かりに右出張所が支店の実体を側えていないとしても、屋井はその主任として業務に従事していたものであるから、同人は番頭に該当する被告会者の商業使用人の地位を兼ねており、その有する代理権に加えられた制限は善意の原告に対抗できない。

(四)  以上の主張が全部容れられないとしても、被告会社は屋井に対し被告会社川崎出張所の名称の使用を許し同出張所建物に「東京ルツボ屋井康」と表示することを許諾したことにより、屋井に被告会社の代理権を与えた旨を表示したものであつて、原告は前述のような調査の結果同人に代理権ありと信じて本件手形を取得したものであるから、原告はかく信ずるにつき正当の事由があるものであつて、被告会社は本件手形支払の責を免れない。と

述べた。(証拠略)

被告等訴訟代理人は請求棄却の判決を求め、原告主張の事実に対し、

(一)  被告株式会社東京坩堝製作所としては、同会社が原告主張の約束手形を振出したことは否認する、その他の事実は全部不知、右手形に署名した屋井康は被告会社の専務取締役ではなく、何等の代表権限をも有せず、同手形上に被告会社の住所として表示された川崎市元木町一一〇番地は単なる出張所にすぎず、屋井はその主任として業務に従事していたが、手形振出の権限を有しなかつたものである。

(二)  被告春日としては全部認める。

と答えた。(証拠略)

理由

(一)  被告株式会社東京坩堝製作所に対する請求について

証拠によれば、屋井康は古くから個人として炉材の製造販売、築炉工事の請負等を業とし、被告春日が関係のあつた東洋炉材株式会社と取引関係があつたが、訴外鈴木純が昭和二七年三月頃勤務先を退職し被告会社を設立するにあたり、同人の勧誘を受けて出資し被告会社設立と同時に取締役の一員となつたものであるが、遅くも昭和二八年八月頃には川崎市元木町一一〇番地にあつた屋井個人の事務所、工場等を被告会社の川崎出張所とし、被告会社の営業としてこれを経営するに至つたものであり、これと同時に従来個人として当座預金取引のあつた株式会社第一銀行川崎支店との間に、被告会社専務取締役屋井康名義の当座預金口座を開設し、爾来前記東洋炉材株式会社との取引については被告会社専務取締役の名義を使用し、その取引の決済のために右会社あてに振出した約束手形にも右名義を使用して来たこと、屋井は被告会社本店の業務にはほとんど関与せず専ら川崎出張所の営業を本店から事実上独立して経営し、被告会社は右出張所の由来及び屋井の経歴、地位等に鑑み、同人が専務取締役の名称を使用して右出張所の経営を専行することを黙認していたこと及び昭和二八年一二月二〇日屋井は右出張所の東洋炉材株式会社との取引決済のために前記肩書を附して右会社にあて原告主張の約束手形一通を振出したことが認められる。

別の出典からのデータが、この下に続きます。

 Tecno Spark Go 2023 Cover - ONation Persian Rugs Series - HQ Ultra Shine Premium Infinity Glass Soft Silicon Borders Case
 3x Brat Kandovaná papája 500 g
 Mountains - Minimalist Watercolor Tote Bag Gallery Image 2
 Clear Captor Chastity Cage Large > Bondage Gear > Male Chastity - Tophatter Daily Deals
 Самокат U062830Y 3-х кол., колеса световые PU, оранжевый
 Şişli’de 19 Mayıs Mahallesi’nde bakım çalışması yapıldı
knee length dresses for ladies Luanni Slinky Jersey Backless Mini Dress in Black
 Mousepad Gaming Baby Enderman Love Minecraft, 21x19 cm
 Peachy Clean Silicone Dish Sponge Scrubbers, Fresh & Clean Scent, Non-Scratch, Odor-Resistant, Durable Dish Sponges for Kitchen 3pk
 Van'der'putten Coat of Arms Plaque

而して証拠を合せ考えると、原告は従来から被告春日との間に手形割引による貸付を継続していたものであるが、同被告は本件手形を東洋炉材株式会社から裏書により取得して原告に対しこれが割引を求めたところ、原告の担当社員宇佐美はさきに一、二度同様の手形の割引に応じ無事決済せられたことがあつたので、被告春日の申込に応ずる心組の下に本件手形を一先ず預り、その支払場所である前記銀行川崎支店の当座預金係に電話をかけて、被告会社との取引の有無、本件手形表示の住所、代表者の氏名、社印、代表者印等につき右銀行に届出てあるものとを口頭をもつて照合し、よつて屋井が被告会社の専務取締役として被告会社を代表して振出したものと確信して被告春日の申込に応じ本件手形を割引き、同被告からこれを裏書によつて取得したものであることを認めることができる。

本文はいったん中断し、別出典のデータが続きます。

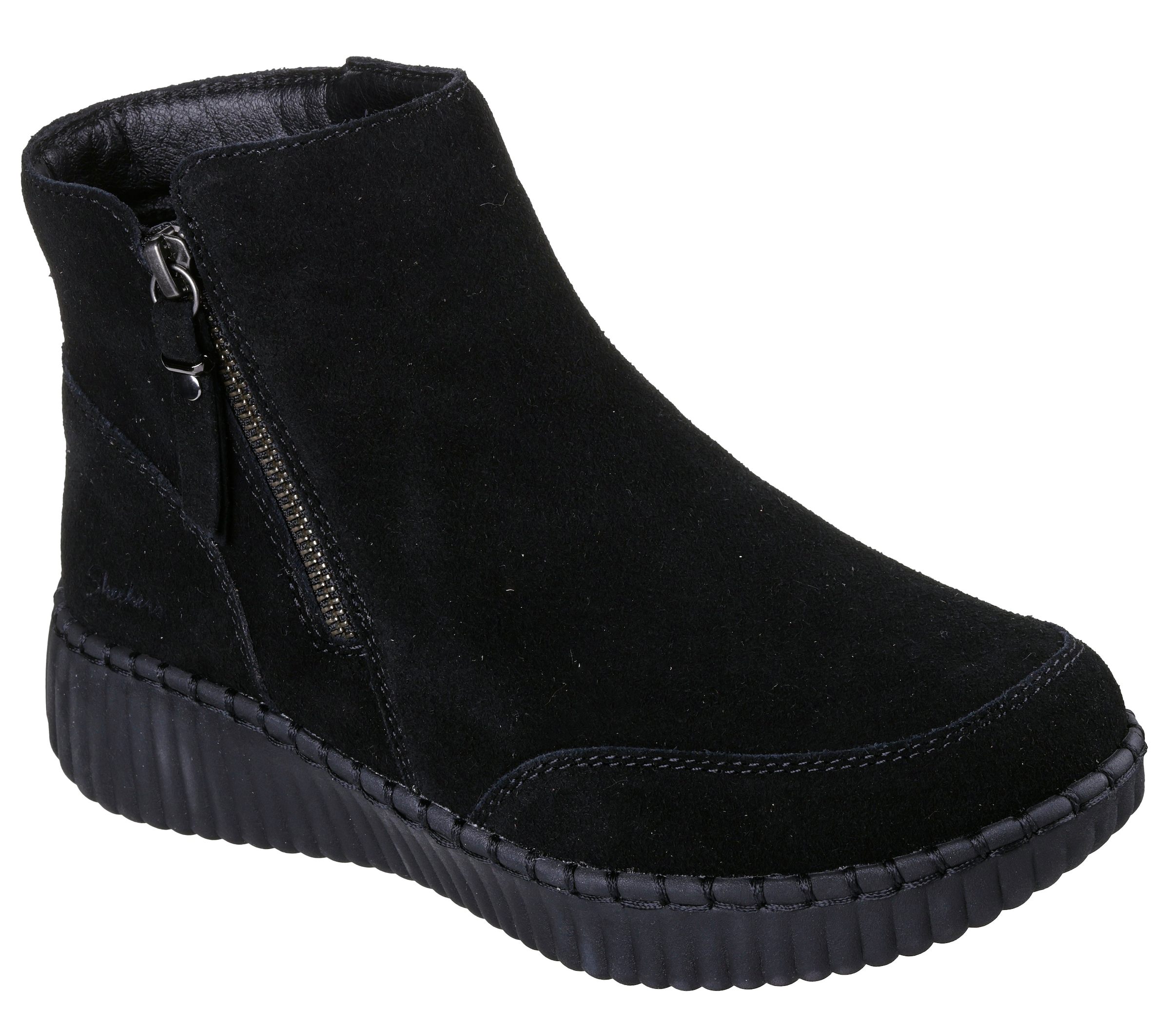 Skechers Winterboots »WILSHIRE BLVD-WEEKEND CRUSH«  Reißverschluss-Boots mit modischer Rahmennaht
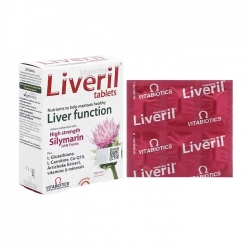 Tpbvsk bổ gan Vitabiotics Liveril Tablets, Hộp 30 viên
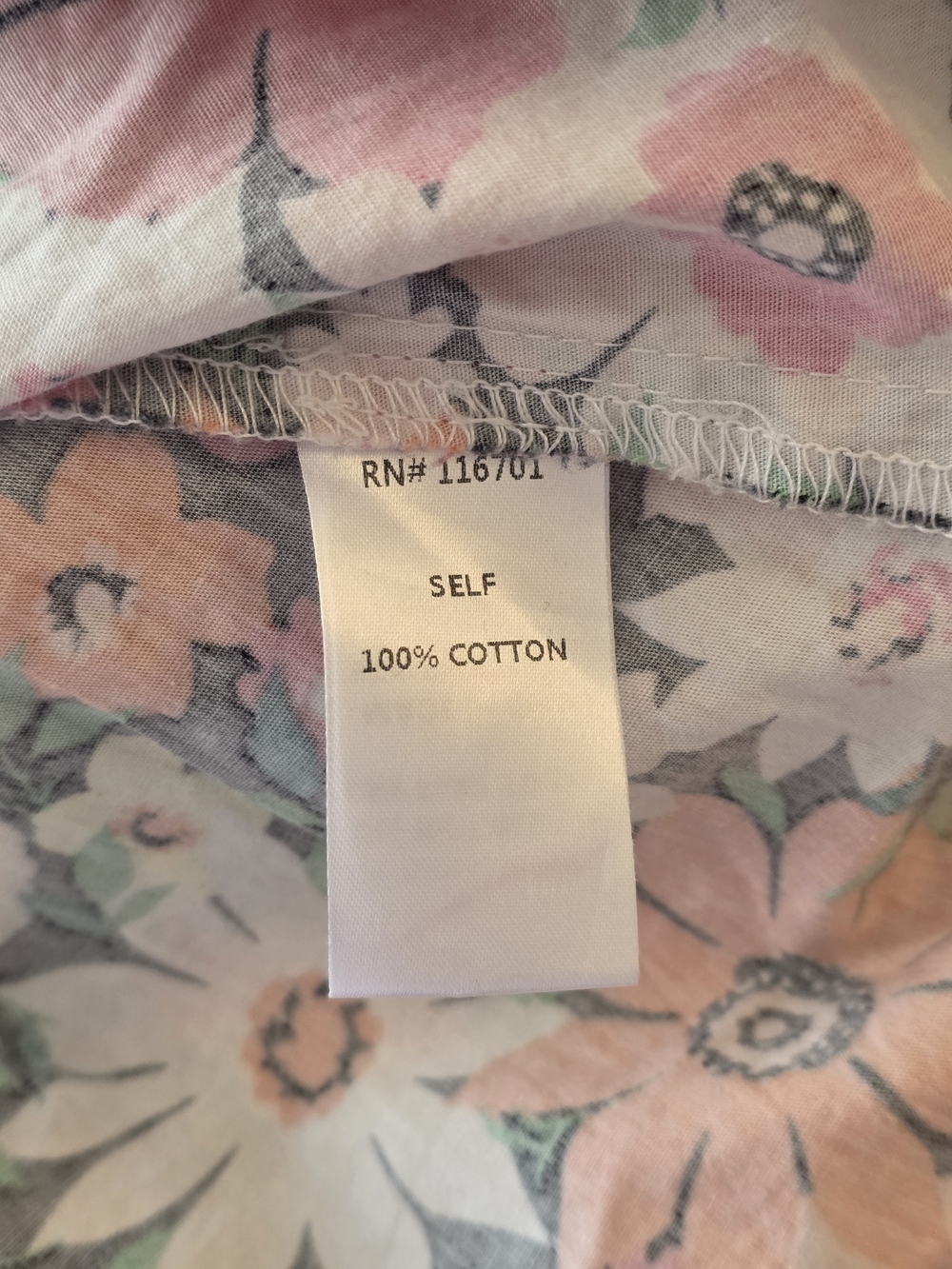 Karlie Floral Puff-Sleeve Blouse in Pink, Orange & Cream - Picture 4 of 5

成立に争のない甲第三号証によれば、被告会社の代表者は鈴木純一人であつて、屋井康は何等代表権限を有していないことは明らかであるが、前記認定のように、同人は被告会社の専務取締役の名称を使用することにつき同会社の黙認を得ていたものであり被告会社の川崎出張所の取引に関し本件手形を振出したのであつて、原告は前記のように屋井が被告会社の代表権限を有するものと信じてこれを取得したものであるところ、その取得にあたつてなした請査は前記認定のように手形取引につき通常なすべき調査を尽したものというべきであつて、屋井に代表権限ありと信ずるにつき何等の過失がなかつたものと認められる。

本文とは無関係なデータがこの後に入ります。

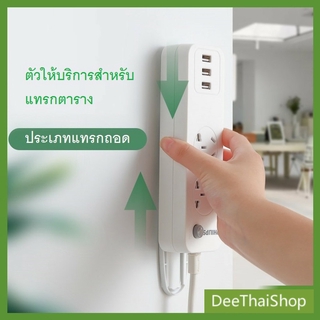 ภาพหน้าปกสินค้าDeeThai ที่ติดยึดปลั๊กไฟ ที่แขวนปลั๊กไฟ แผ่นกาวติดรางปลั๊กไฟ แบบติดผนัง ที่ติดปลั๊กไฟกับผนัง Power Socket Holder ที่เกี่ยวข้อง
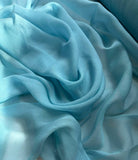 Robin's Egg Blue Green - Crinkle Silk Chiffon Fabric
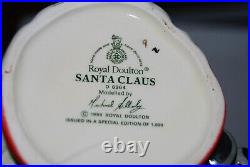 Royal Doulton Santa Claus with bells small character jug Limited Edition of 1000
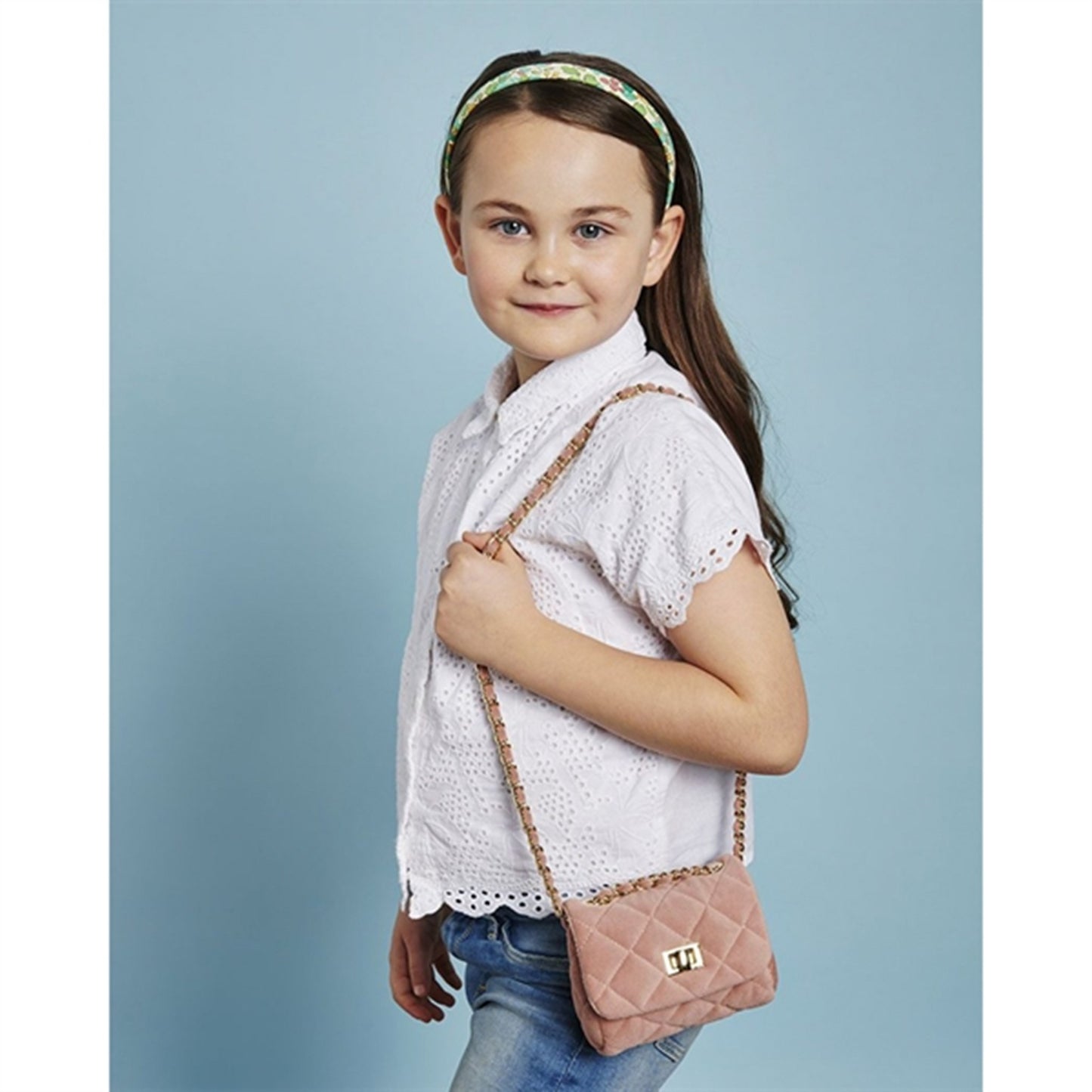 Milledeux Small Velvet Bag Antique Mauve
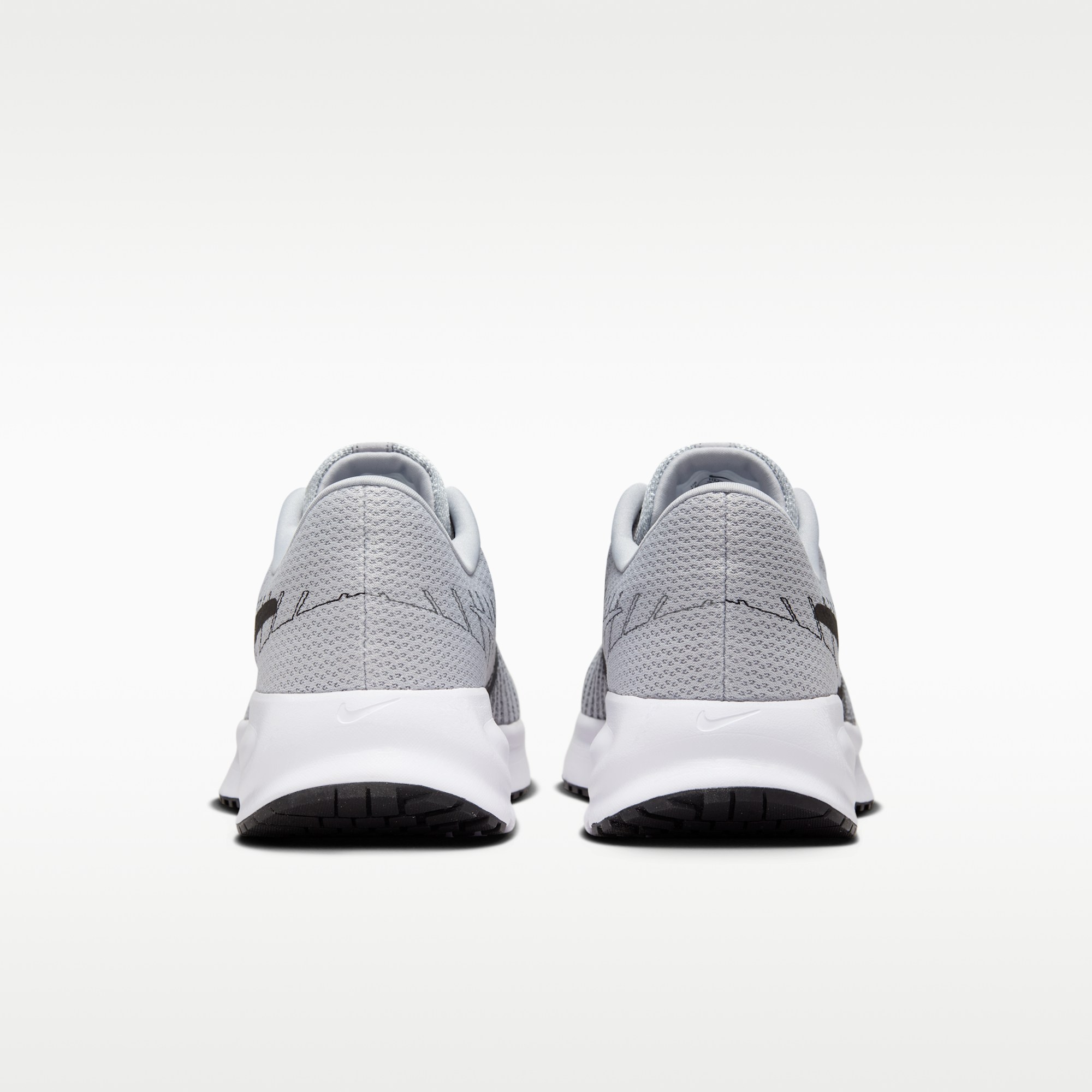 Nike Run Defy - Wolf Grey/Λευκό/Iron Grey/Μαύρο - 6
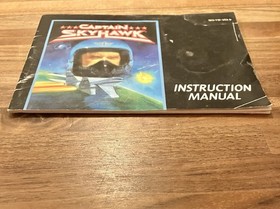 Captain Skyhawk Nintendo NES Instruction Manual Booklet ONLY
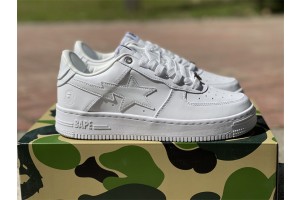 A Bathing Ape Bape Sta Low White Leather (2020)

従つて被告会社は屋井の振出した本件手形につき善意の第三者である原告に対しその支払の責に任ずべきことはいうまでもないところであり、上来説示したところによりその成立を認め得る甲第一号証によれば、原告は本件手形を満期にその支払場所において呈示したがその支払を拒絶せられたことが認められるから、原告の被告会社に対する請求は全部正当である。

(二)  被告春日に対する請求について

同被告は原告主張の事実を全部認めているから、原告の請求が正当であることはいうまでもない。

(三)  よつて原告の請求を認容し、民事訴訟法第八九条、第九三条、第一九六条を適用して主文のとおり判決する。